INFORMATION PROVIDED:

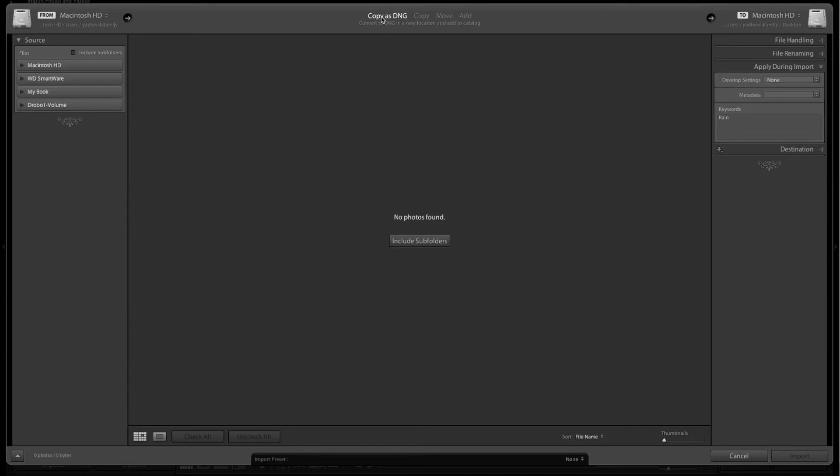The first thing I do is click copy as DNG here. All the files that I shoot on my camera are raw format, so I want to copy them as a DNG as I bring them into Lightroom.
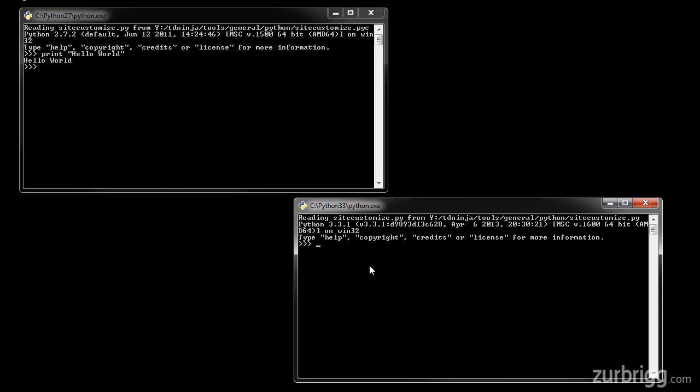If I try to run the same command in Python 3, I get an error, and this is an invalid syntax error, and this is because the print statement, this form, no longer exists in Python 3.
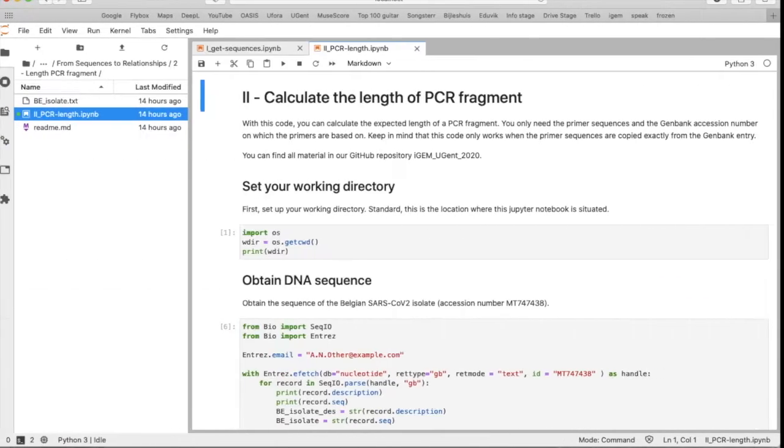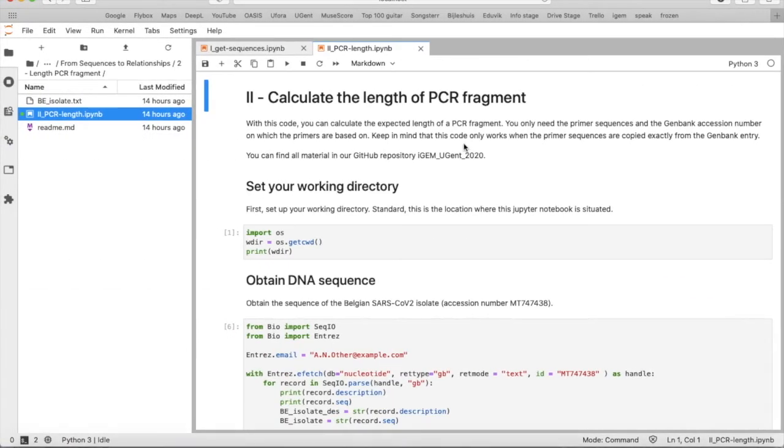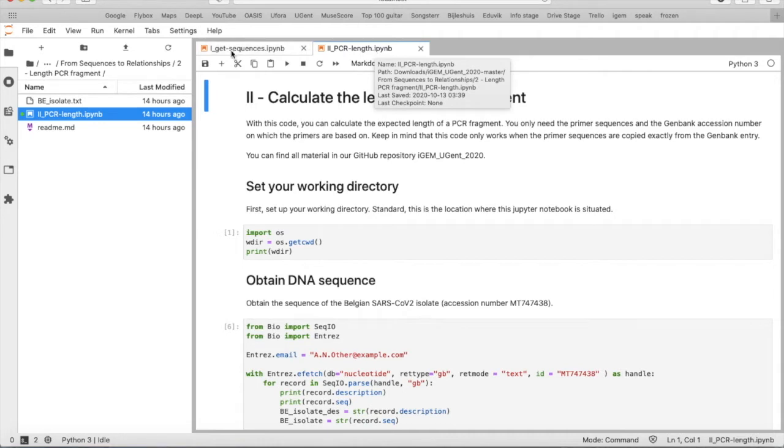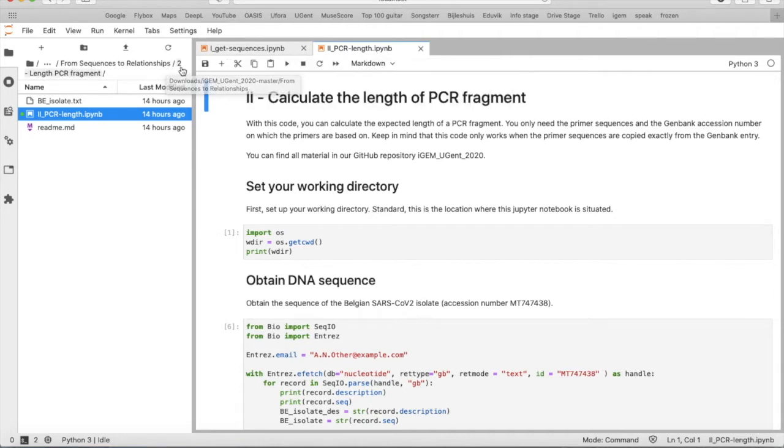So let's have a look at our Jupyter notebook. So it's number 2, PCR length, that is situated in the second folder, the folder 2 length PCR fragment.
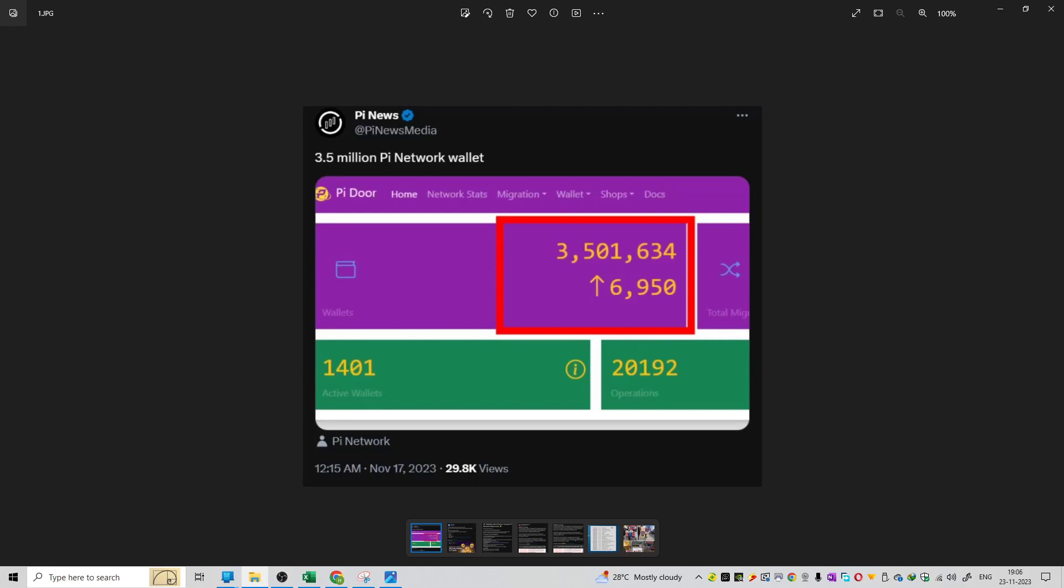Friends, welcome to the series of Pi Network news. The updates are here. You can see the updates on Pi Network. There is an airdrop live. You can also see the roadmap of Pi Network. We will see the latest news and the wallet addresses on Pi Network, about 3.5 million.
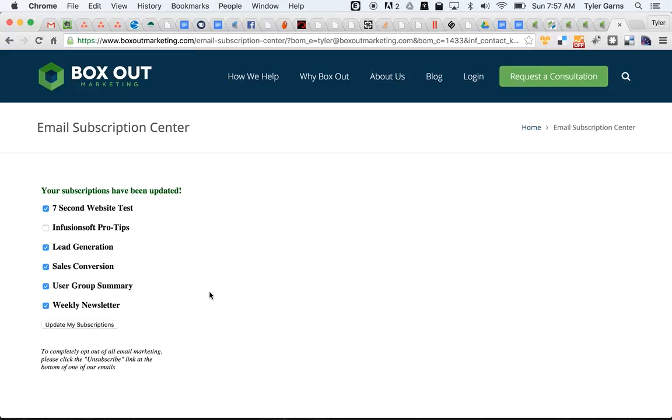If you're interested in this tool and any of the other tools that we have, just contact us here at Box Out Marketing and we'll help you get all set up. Thank you.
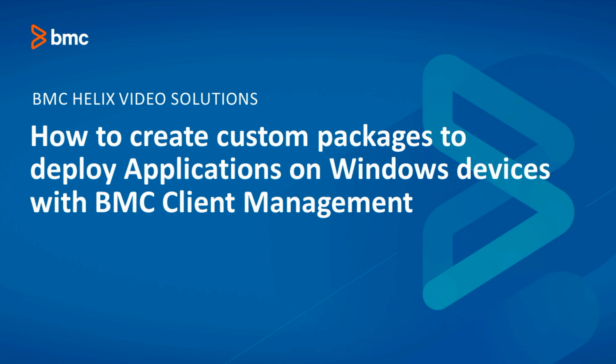In this video, we are going to see how to create a custom package to deploy applications on Windows devices with BMC Client Management.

WORK ITEM:
An exact copy of the listing is needed, minus its pictures.

RESULT OF THIS TASK:
The first thing I do is click copy as DNG here. All the files that I shoot on my camera are raw format, so I want to copy them as a DNG as I bring them into Lightroom.
If I try to run the same command in Python 3, I get an error, and this is an invalid syntax error, and this is because the print statement, this form, no longer exists in Python 3.
So let's have a look at our Jupyter notebook. So it's number 2, PCR length, that is situated in the second folder, the folder 2 length PCR fragment.
Friends, welcome to the series of Pi Network news. The updates are here. You can see the updates on Pi Network. There is an airdrop live. You can also see the roadmap of Pi Network. We will see the latest news and the wallet addresses on Pi Network, about 3.5 million.
If you're interested in this tool and any of the other tools that we have, just contact us here at Box Out Marketing and we'll help you get all set up. Thank you.
In this video, we are going to see how to create a custom package to deploy applications on Windows devices with BMC Client Management.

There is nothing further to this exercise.